Fortunately, we live in a society that has separation of church and state, and a civil justice system that does not recognize any accused person's delusions about being the anointed servant of God's will. Still, even when facing lengthy prison terms, it's incredible that these religious leaders continue to act as if their alleged victims, not they, are the ones who have done something wrong. As both these stories show, women especially suffer the results of this, since they are most often on the receiving end of theological justifications for inequality.
LATE-BREAKING UPDATE (9/25): Warren Jeffs has been convicted and faces up to life in prison.
Scientology to Stand Trial?
Some welcome news out of Brussels:
A Belgian prosecutor on Tuesday recommended that the U.S.-based Church of Scientology stand trial for fraud and extortion, following a 10-year investigation that concluded the group should be labeled a criminal organization.
Although I take a dim view of the principle, held by many European countries, that speech and belief can be censored in the name of promoting societal harmony, this is one instance where the United States' more expansive view of religious freedom has led to the wrong conclusion. The U.S. decision to officially recognize Scientology as a religion and grant it tax-exempt status was the wrong one, and should be reversed. (Granted, I believe that all churches should be taxed, but if we're going to start repairing that error, there's no better place to start than with Scientology.)

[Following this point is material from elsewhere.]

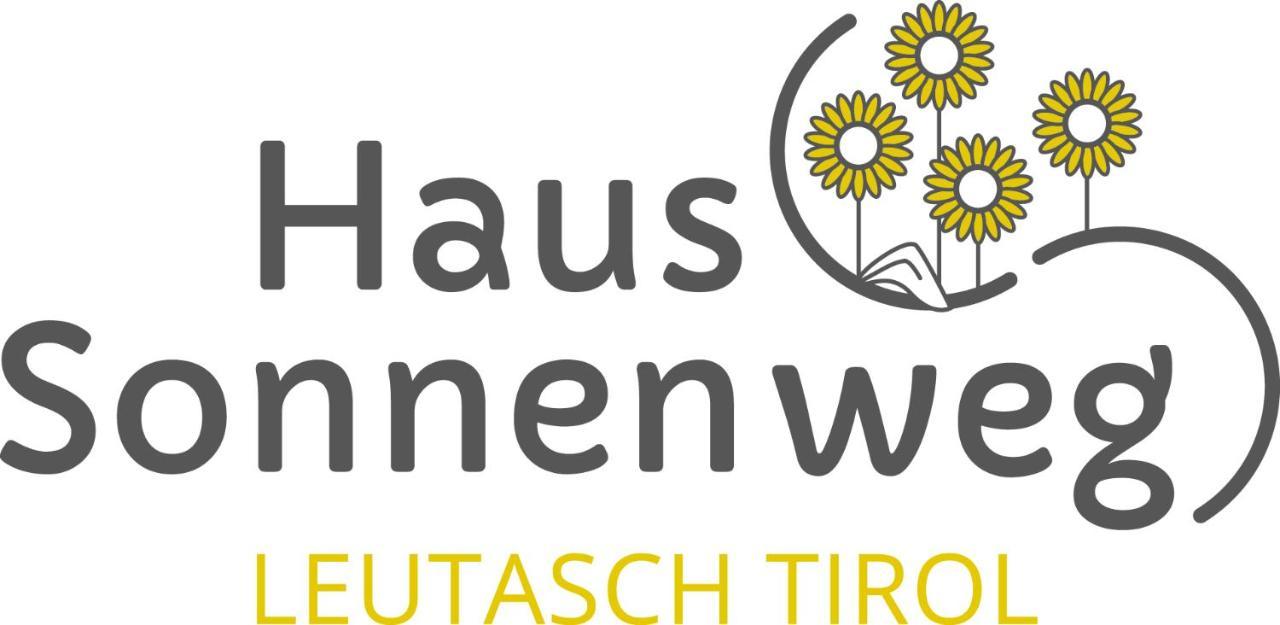 ロイタシュHaus Sonnenwegアパートメント エクステリア 写真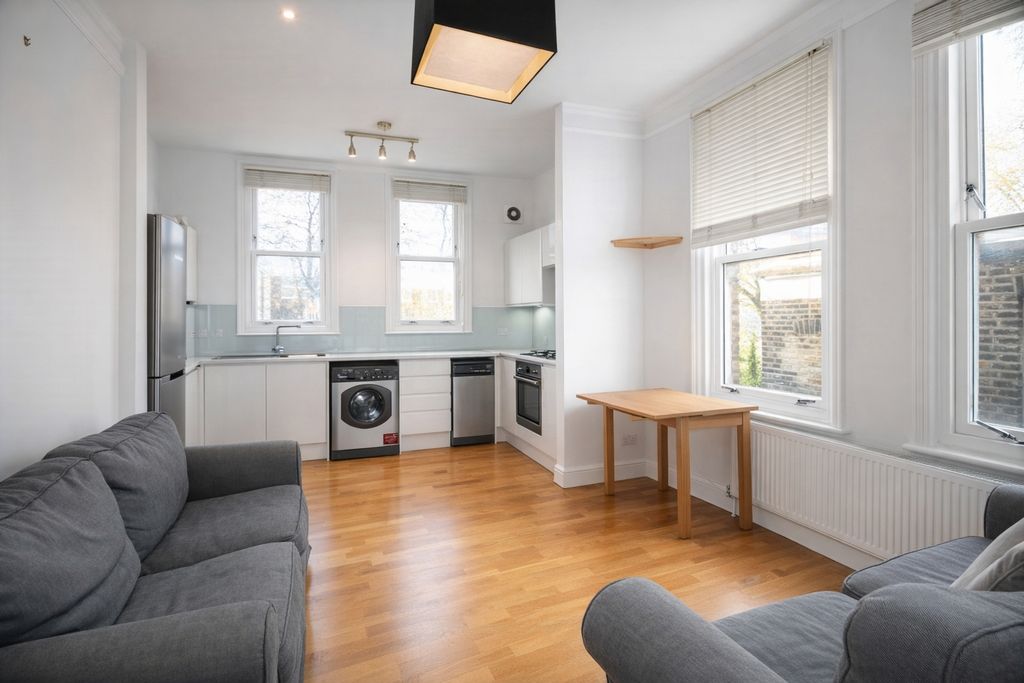 Property photo 2 of 7 Reception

Scientology is well-known for being a litigious cult with a history of trying to silence its critics. It's also been tied to criminal activities in the past, including a well-known case from the 1970s in which eleven highly-ranked Scientologists, including L. Ron Hubbard's wife, pled guilty or were convicted of charges that included attempts to wiretap and burglarize U.S. government offices. Scientology is also widely known for having perhaps the most ludicrous backstory of any current faith, including the belief that an alien space overlord named Xenu attempted to solve a galactic overpopulation problem by bringing billions of alien beings to Earth to kill them, and that the ghosts of these dead aliens (called "thetans") cling invisibly to human beings and cause every physical or mental problem which people suffer from. Lay Scientologists are not told this story until they have donated a considerable sum of money to the church.

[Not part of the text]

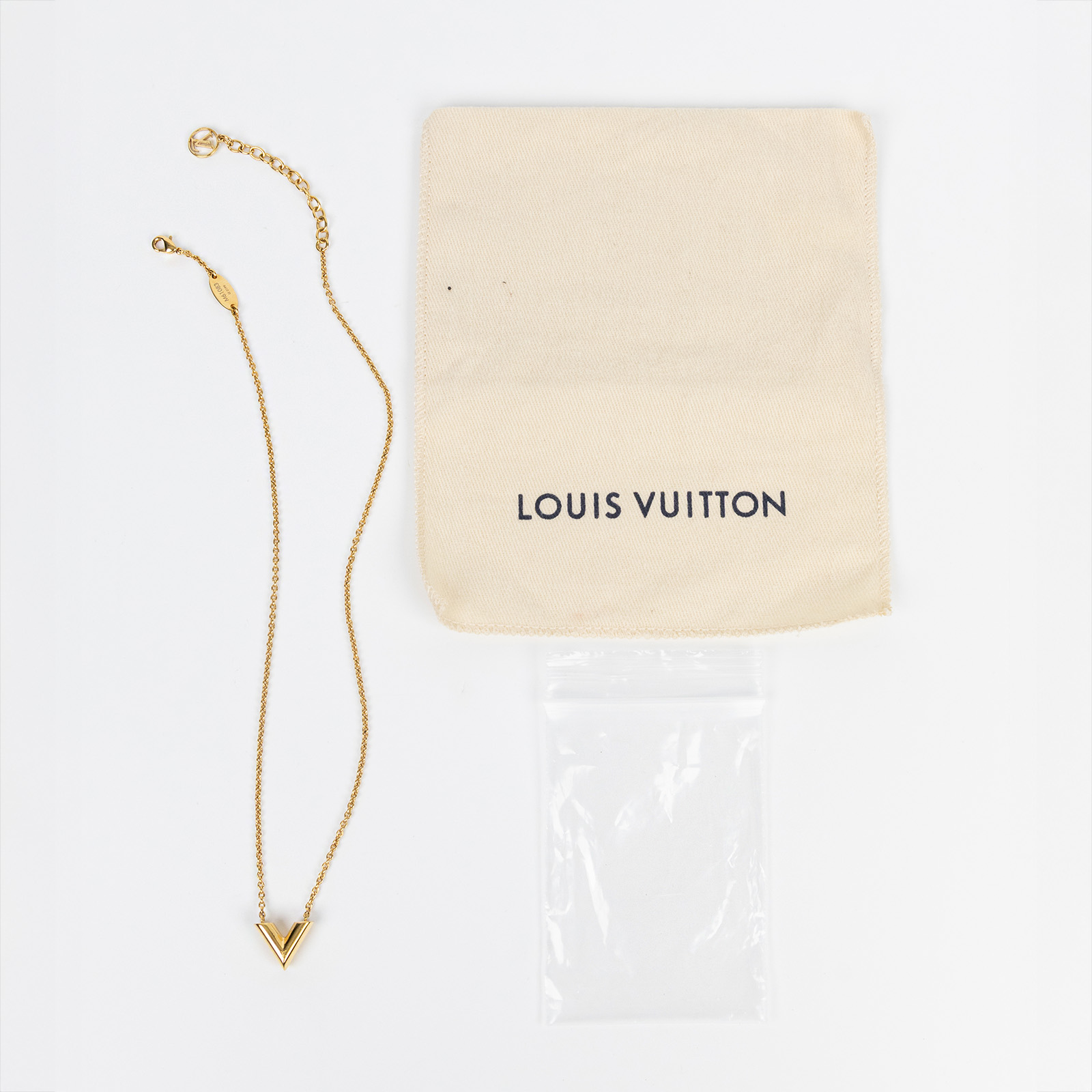 路易威登 LOUIS VUITTON Essential V 項鏈 金屬色 M61083 Essential V項鍊 無附屬品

Ridiculous beliefs are one thing, but Scientology's aggressive, hostile attitude toward its detractors is what has earned it the most notoriety. L. Ron Hubbard famously declared that the church's critics were "fair game" who could be "deprived of property or injured by any means by any Scientologist without any discipline of the Scientologist. May be tricked, sued or lied to or destroyed." The most prominent victim of this policy was Paulette Cooper, who wrote an anti-Scientology book (The Scandal of Scientology) to which the church responded by, among other things, trying to frame her for bomb threats.
The church claims it discontinued the "fair game" policy in 1968, though as recently as 1999, it agreed to pay libel damages for publishing a pamphlet attacking a former member as a "hate campaigner". The new recommendations by Belgian prosecutor Jean-Claude Van Espen cast further doubt on that claim, since they include allegations of "intimidation and extortion" against ex-members.

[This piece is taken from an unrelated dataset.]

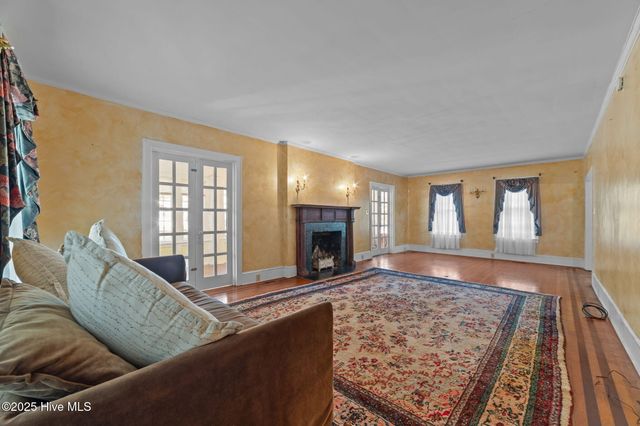 510 W Washington Avenue, Kinston, NC 28501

Unfortunately, it's unlikely that these allegations, even if they lead to charges being filed, will be aired in court for some time. But as far as I'm concerned, the sooner that day comes, the better. All of society will benefit if this pernicious sect is exposed for what it is:
The German government considers Scientology a commercial enterprise that takes advantage of vulnerable people.
...and if these charges lead the U.S. government to reconsider Scientology's tax-exempt status, so much the better.